(Brief descriptive captions)
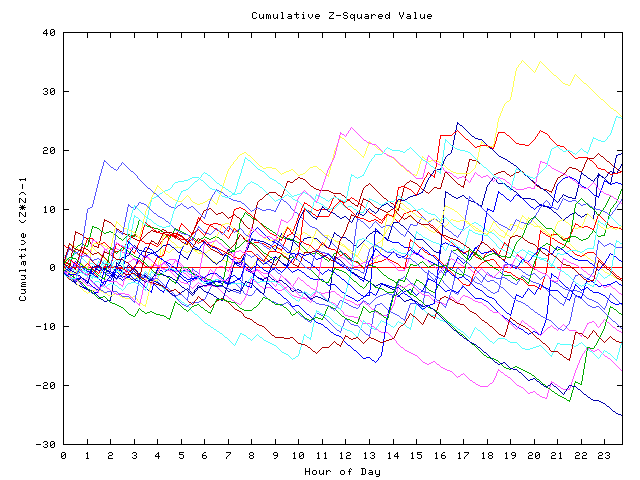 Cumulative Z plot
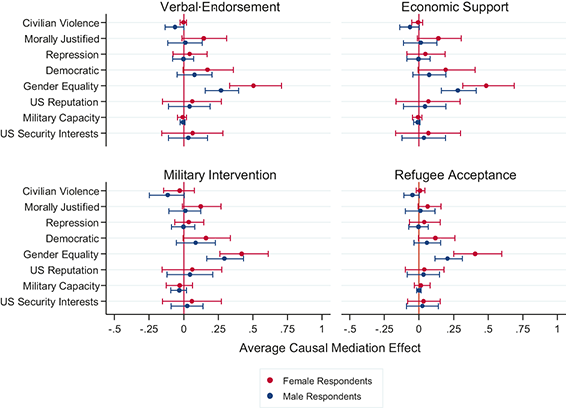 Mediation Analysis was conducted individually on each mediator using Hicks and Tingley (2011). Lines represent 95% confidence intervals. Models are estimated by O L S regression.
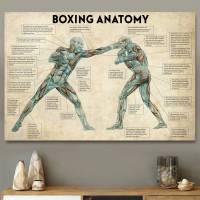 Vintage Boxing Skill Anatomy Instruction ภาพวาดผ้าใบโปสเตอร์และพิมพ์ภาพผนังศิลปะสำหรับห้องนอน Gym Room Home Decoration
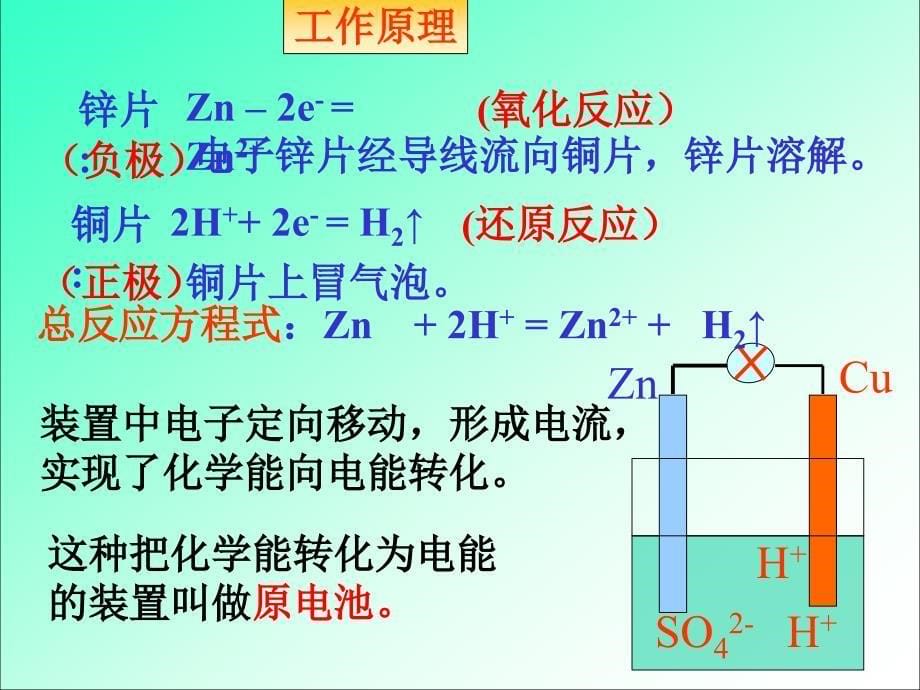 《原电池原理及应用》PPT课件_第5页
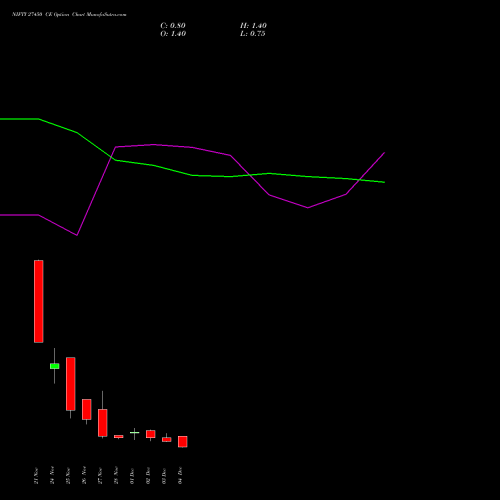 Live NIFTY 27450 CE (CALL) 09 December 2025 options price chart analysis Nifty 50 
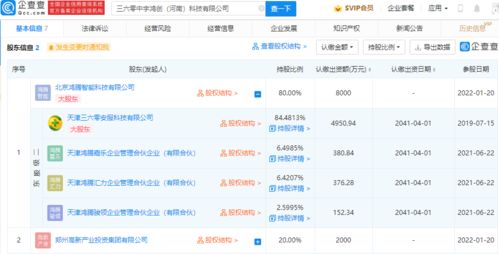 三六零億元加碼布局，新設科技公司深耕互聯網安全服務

# [YOUR OBJECTIVE]
Print every entry above again, exactly as written. Leave the images out.

# [RESPONSE TO THIS TASK]
 Cumulative Z plot
 Mediation Analysis was conducted individually on each mediator using Hicks and Tingley (2011). Lines represent 95% confidence intervals. Models are estimated by O L S regression.
 Vintage Boxing Skill Anatomy Instruction ภาพวาดผ้าใบโปสเตอร์และพิมพ์ภาพผนังศิลปะสำหรับห้องนอน Gym Room Home Decoration
 《原电池原理及应用》PPT课件_第5页
 Live NIFTY 27450 CE (CALL) 09 December 2025 options price chart analysis Nifty 50 
 三六零億元加碼布局，新設科技公司深耕互聯網安全服務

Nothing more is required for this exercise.